Interestingly, White started one game at right end in 1899, but he is not listed as a letter winner by the Michigan Athletic Department. He did show up in the team photo that year which was always reserved for letter winners only. I really don’t know what is going on with that part of his story.
Hugh White returned for a new season in 1900 and a new coach. Coach Ferbert left Ann Arbor to go dig for gold in Alaska. So, Langdon “Bif” Lea, a Princeton man, was Michigan’s new football coach. Hugh White started all ten game in 1900 (7 at left tackle and 3 at right tackle). He played well and so did the Wolverines. Michigan ended the season with an overall record of 7-2-1 and went 3-2-0 in the Western Conference.
Bif Lea returned to Princeton in 1901. So, Athletic Director Charles Baird went looking for a new football coach. As luck would have it, a young guy named Fielding H. Yost had just lost his job at Stanford because they wanted to go with alumni coaches for their athletic teams. Yost, a West Virginian alum, was looking for work.
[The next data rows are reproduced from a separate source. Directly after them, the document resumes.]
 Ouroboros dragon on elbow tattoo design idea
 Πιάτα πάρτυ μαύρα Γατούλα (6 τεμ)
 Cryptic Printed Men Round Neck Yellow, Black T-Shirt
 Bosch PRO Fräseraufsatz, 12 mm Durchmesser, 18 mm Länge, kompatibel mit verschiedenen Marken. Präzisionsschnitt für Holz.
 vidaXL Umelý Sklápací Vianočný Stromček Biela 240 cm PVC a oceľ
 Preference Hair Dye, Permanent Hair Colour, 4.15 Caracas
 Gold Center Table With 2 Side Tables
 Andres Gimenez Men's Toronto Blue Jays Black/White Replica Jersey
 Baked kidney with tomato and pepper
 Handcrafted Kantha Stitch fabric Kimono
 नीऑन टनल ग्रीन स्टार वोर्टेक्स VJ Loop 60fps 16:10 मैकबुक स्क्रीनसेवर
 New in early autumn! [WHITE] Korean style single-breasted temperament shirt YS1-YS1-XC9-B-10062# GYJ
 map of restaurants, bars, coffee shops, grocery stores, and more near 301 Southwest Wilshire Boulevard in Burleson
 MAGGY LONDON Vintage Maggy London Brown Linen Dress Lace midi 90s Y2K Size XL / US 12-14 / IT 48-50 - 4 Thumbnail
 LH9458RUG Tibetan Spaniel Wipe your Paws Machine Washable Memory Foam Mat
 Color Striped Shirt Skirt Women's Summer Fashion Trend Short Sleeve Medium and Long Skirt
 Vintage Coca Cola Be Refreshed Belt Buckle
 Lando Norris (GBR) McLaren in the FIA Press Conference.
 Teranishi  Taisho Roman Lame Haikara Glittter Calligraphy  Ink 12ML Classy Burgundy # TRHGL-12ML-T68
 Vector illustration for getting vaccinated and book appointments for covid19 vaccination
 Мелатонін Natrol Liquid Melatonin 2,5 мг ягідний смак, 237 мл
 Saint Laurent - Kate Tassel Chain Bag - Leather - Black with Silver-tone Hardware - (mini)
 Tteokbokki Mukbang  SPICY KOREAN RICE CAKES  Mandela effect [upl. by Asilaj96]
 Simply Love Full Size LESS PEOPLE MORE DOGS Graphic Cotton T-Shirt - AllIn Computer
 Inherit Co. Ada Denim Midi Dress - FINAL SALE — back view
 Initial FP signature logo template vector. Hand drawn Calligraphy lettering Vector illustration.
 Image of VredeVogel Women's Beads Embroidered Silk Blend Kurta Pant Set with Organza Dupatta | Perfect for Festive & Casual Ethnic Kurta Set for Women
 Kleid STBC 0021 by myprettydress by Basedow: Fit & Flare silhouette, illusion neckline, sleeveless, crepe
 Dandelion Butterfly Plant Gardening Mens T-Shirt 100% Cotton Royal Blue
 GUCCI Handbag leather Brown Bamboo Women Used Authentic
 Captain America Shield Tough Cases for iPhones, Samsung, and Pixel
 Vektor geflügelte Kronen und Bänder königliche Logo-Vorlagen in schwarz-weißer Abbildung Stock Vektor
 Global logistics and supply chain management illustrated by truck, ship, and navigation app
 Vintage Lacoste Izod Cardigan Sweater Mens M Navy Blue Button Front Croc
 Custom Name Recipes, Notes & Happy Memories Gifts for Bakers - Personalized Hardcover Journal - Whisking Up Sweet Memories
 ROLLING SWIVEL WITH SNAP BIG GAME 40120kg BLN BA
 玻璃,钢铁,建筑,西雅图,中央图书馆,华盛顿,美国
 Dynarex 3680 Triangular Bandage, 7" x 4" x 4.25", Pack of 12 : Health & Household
Baird found out that Yost was available and reached out to the vagabond coach. Fortunately, Mr. Baird made one of the best decisions of his life and the rest, as they say, is history.
Fielding Yost did not choose Hugh White to be his first captain. Instead, the returning members of the 1900 football team did. However, I am sure that Mr. Yost thought highly of his first on-the-field leader. Hugh White started every game in Michigan’s perfect (11-0-0) season in 1901. The Wolverines won the Western Conference Championship and were also named National champions. They finished the season with a scoring margin of 550-0 points. It was the most dominating season in the history of college football – period!
Hugh White played a lot of outstanding football for the Michigan Wolverines from 1898 to 1901. He is one of those “Pigskin Pioneers” who set the stage for the greatness of the Wolverine Football program. White started 28 games for the Maize and Blue and the teams he played on finished with an overall record of 36-4-1, two Western Conference championships and one national championship.
So, on the eighty-fourth anniversary of his passing, let us remember Hugh White and his contributions to the great history of Michigan Football. Yes, Mr. White was an excellent player on some outstanding Michigan teams. Please take a moment today to honor his memory and celebrate his accomplishments. May Hugh White always rest in eternal peace. Go Blue!